Aiuti Usa al settore auto. Sale la disoccupazione in Cina
La Casa Bianca ha annunciato lo stanziamento immediato di 17,4 miliardi di dollari
a sostengo delle case automobilistiche. Il neo presidente eletto Obama ha promesso,
inoltre, un consistente piano di rilancio per l’economia reale americana. Questo non
è però servito a dare fiducia alle borse mondiali che ieri hanno chiuso in negativo,
soprattutto a causa del crollo delle quotazioni del petrolio scese intorno ai 33 dollari
al barile. Senali negativi arrivano intanto anche dall’economia britannica e cinese.

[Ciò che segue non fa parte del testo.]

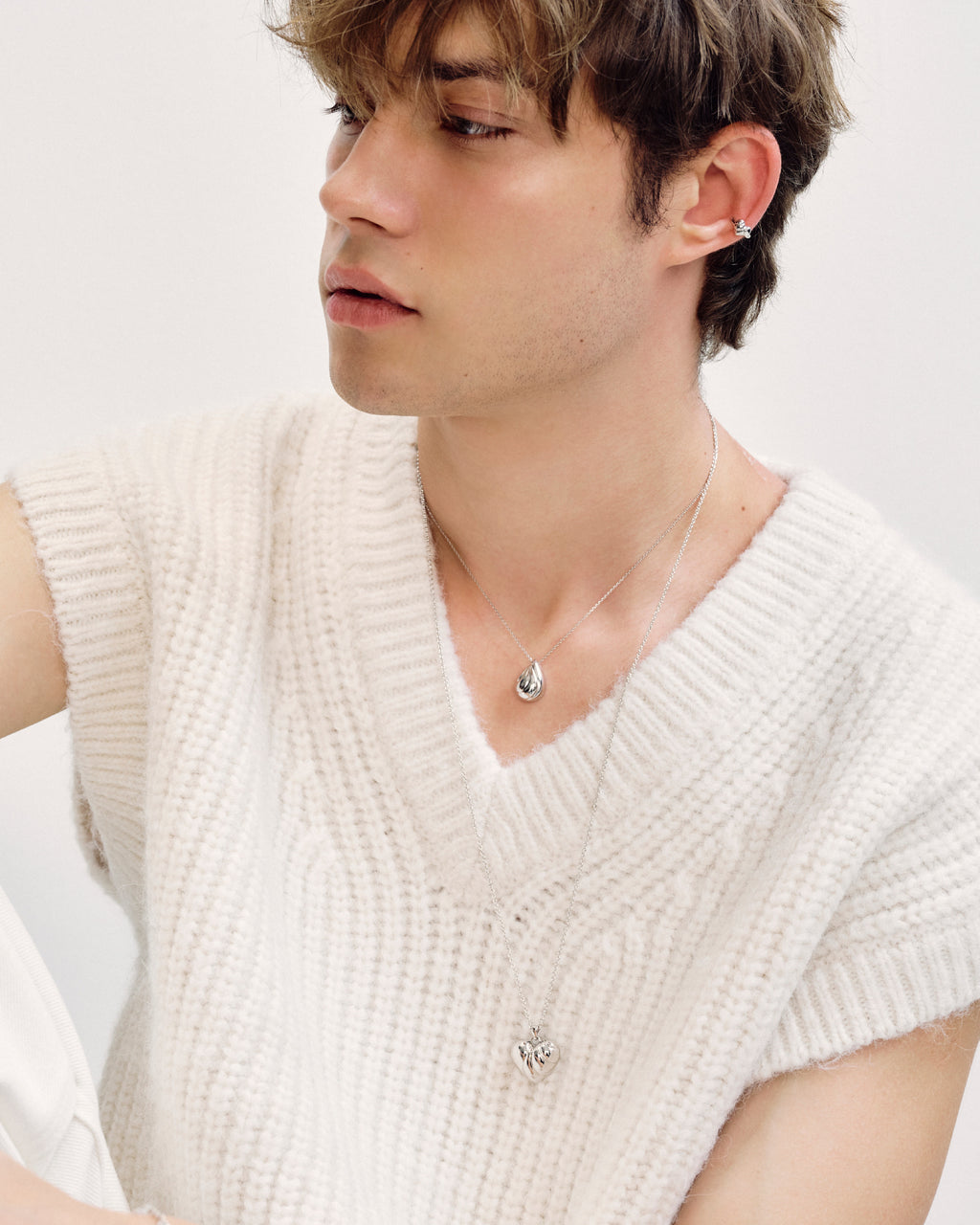 Numbering - Wavy Teardrop Pendant Necklace #7767 product image 5 | TRAB K-Fashion Australia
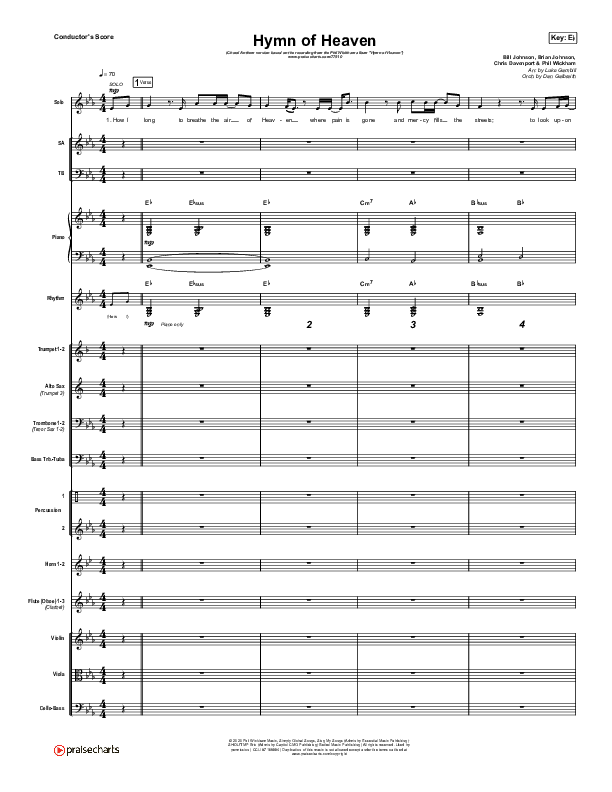 Hymn Of Heaven (Choral Anthem SATB) Orchestration (Phil Wickham / Arr. Luke Gambill)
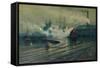 The Docks at Cardiff-Lionel Walden-Framed Stretched Canvas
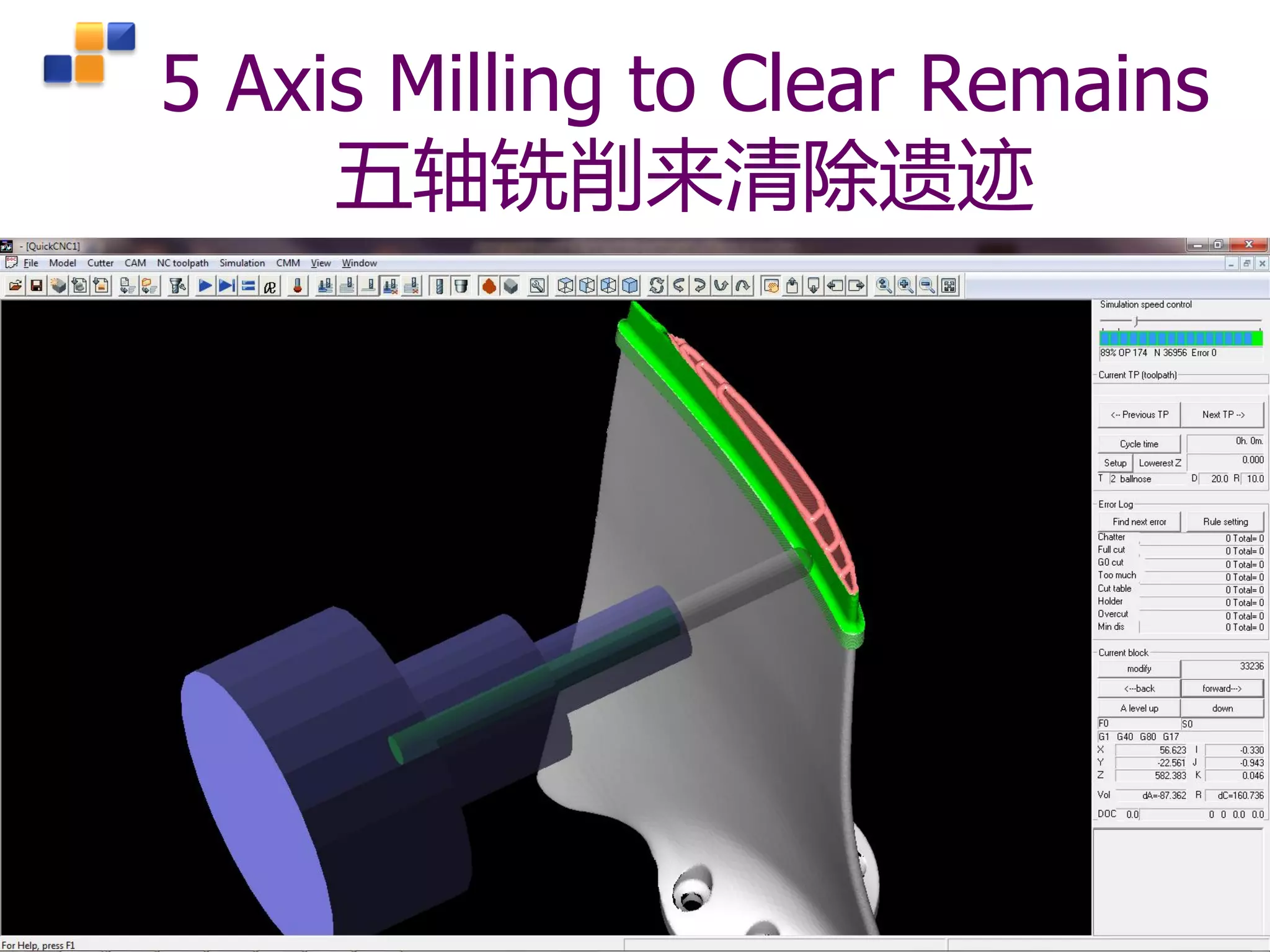 Confidential © 2016 All rights reserved
Singapore Institute of Manufacturing Technology Slide 56
5 Axis Milling to Clear Remains
五轴铣削来清除遗迹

Il servizio di Marco Guerra:
Boccata di ossigeno
per il settore dell’auto statunitense sull’orlo del fallimento. Dopo il no del senato,
il presidente Bush ha trovato un compromesso sull’erogazione di prestiti per 17.4
milioni di dollari, che consentiranno la sopravvivenza di Chrysler e General Motors
almeno fino a marzo. I prestiti dovranno essere restituiti dalle case automobilistiche
se entro il 31 di marzo non avranno dimostrato di essere in grado di risanare le loro
attività. E mentre si vara il salvataggio di Detroit, il presidente americano eletto,
Barack Obama, ha avviato discussioni con i leader democratici del Congresso per definire
un piano di rilancio di tutta l’economia reale da 850 miliardi di dollari. La cifra
record, che supera quella del pacchetto di aiuti al sistema bancario, include almeno
100 miliardi da destinare al governo degli Stati per coprire la spesa sanitaria e
350 miliardi di dollari di investimenti in infrastrutture ed energie alternative.
E sulla scia dei fondi sbloccati dagli Stati Uniti, anche il governo inglese potrebbe
concedere un prestito per permettere alla Jaguar Land Rover di far fronte alla crisi.
Intanto, in Gran Bretagna, si ricorre alla sosta forzata per almeno 500 mila aziende.
Per tagliare i costi, milioni di lavoratori britannici resteranno a casa per tutte
le festività. Sono invece 670 mila le aziende cinesi definitivamente chiuse a causa
della crisi. Pechino ieri ha poi stimato la perdita di oltre 6 milioni posti di lavoro,
parlando di situazione “molto più grave” di quella mostrata dalle statistiche ufficiali.